The evaluation page allows offline evaluation of queries and provides a quick and easy way to test Inconvo’s capabilities on your data and your users’ queries, even before you deploy Inconvo to production.
Test cases
Section titled “Test cases”Each row in the evaluations table is a test case. Add a new test case by inputting a question in the input box beneath the table.
Test cases will initially be marked as for Review
They can then be marked as Passing or Failing by clicking on the test case row and opening the trace view.
You can use the evals table to debug failing test cases and build towards an acceptable test pass rate for your application.
Traces
Section titled “Traces”For every evaluation query a trace is created. A trace shows the steps Inconvo took to create an answer.
Traces show the tools
Inconvo used for the run, their input_options
, the tool call
and the output
.
Debugging Example
Section titled “Debugging Example”How many new customers did we win in the last month?

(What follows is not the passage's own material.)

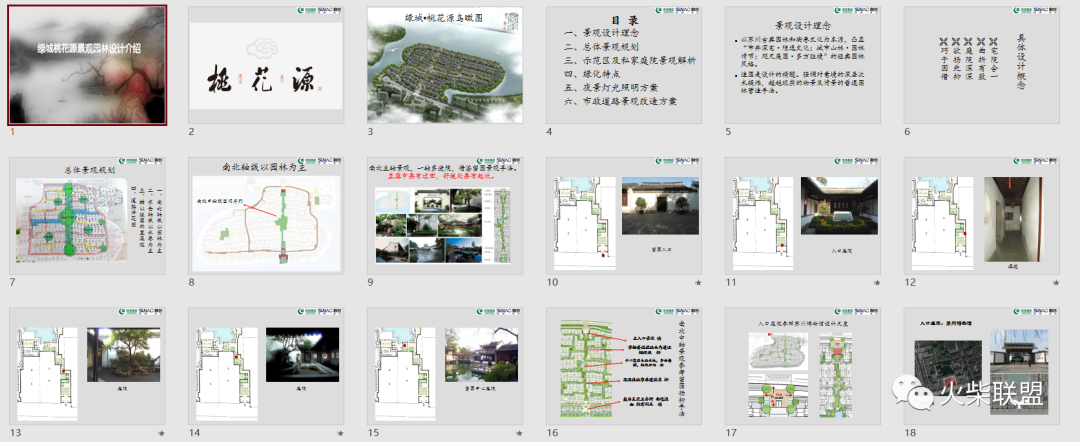 129套样板间软装概念方案PPT（可编辑）合集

Looking at the trace we see that Inconvo used the number of users created in the last month to answer the question.
In our application users != customers
so the answer is incorrect and we mark the run as failing.
The fix is simple, add a table prompt to the users table to inform Inconvo of what a customer is in our application.
With this simple addition Inconvo retrieves the correct answer and we mark the test case as passing.